EXERCISE DESCRIPTION
Copy every line of the data exactly, keeping out any picture.

DATA BELOW
=======
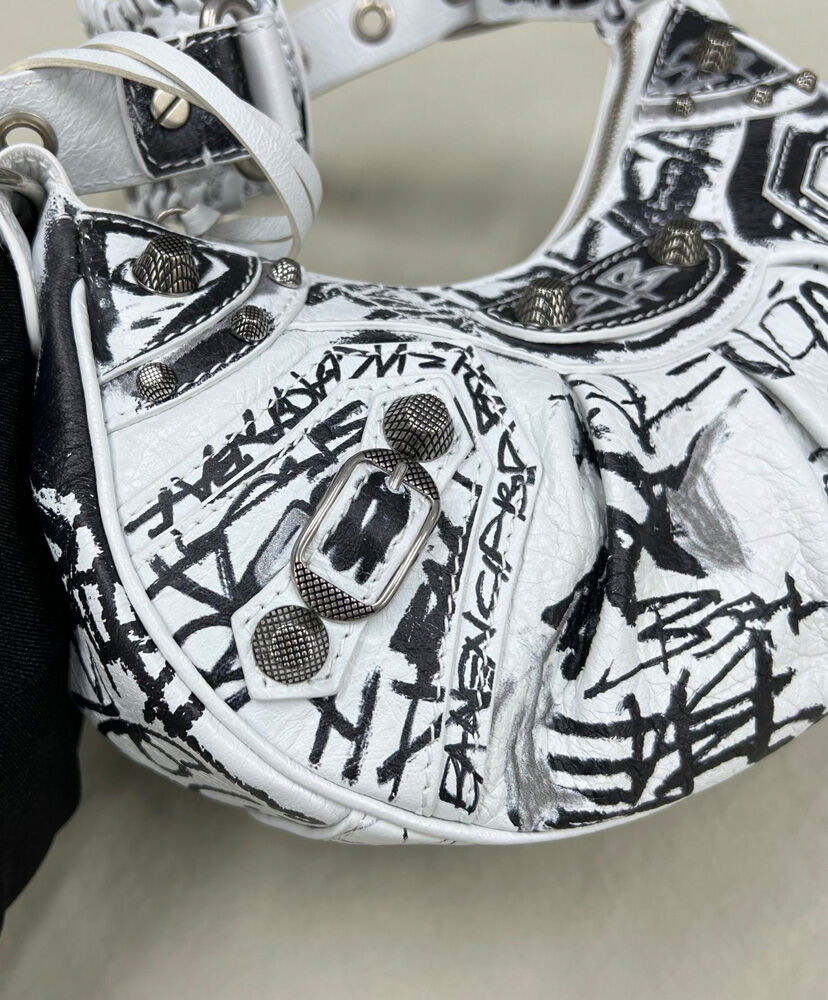 Balenciaga Le Cagole XS Shoulder Bag Cream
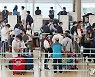 [속보] 오후 6시 2만9797명..전날 동시간 대비 1만7886명↑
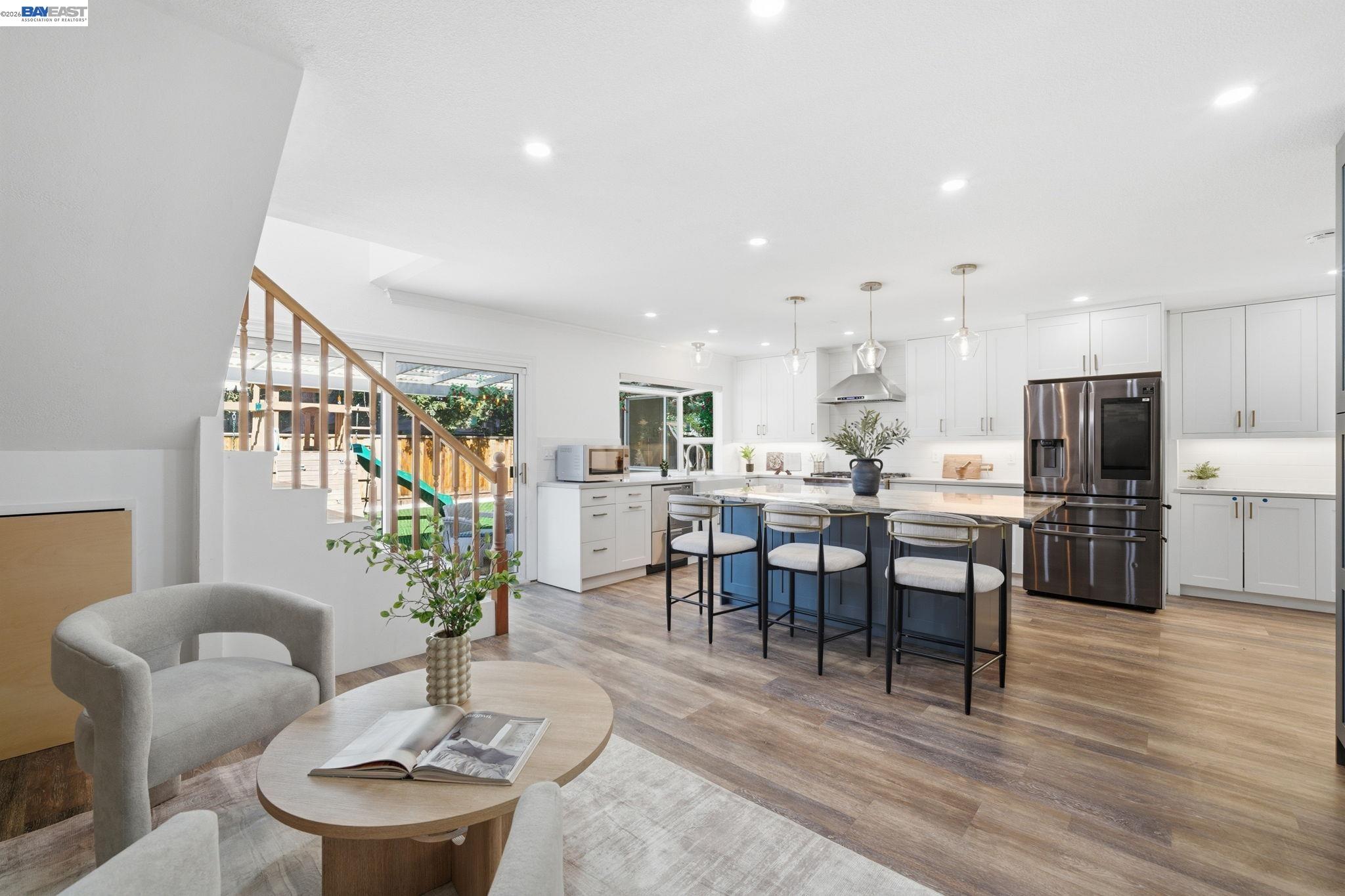 Detail Gallery Image 13 of 27 For 2901 Glen Heather Dr, San Jose,  CA 95133 - 7 Beds | 4 Baths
=======
SOLUTION TO THE EXERCISE
 Balenciaga Le Cagole XS Shoulder Bag Cream
 [속보] 오후 6시 2만9797명..전날 동시간 대비 1만7886명↑
 Detail Gallery Image 13 of 27 For 2901 Glen Heather Dr, San Jose,  CA 95133 - 7 Beds | 4 Baths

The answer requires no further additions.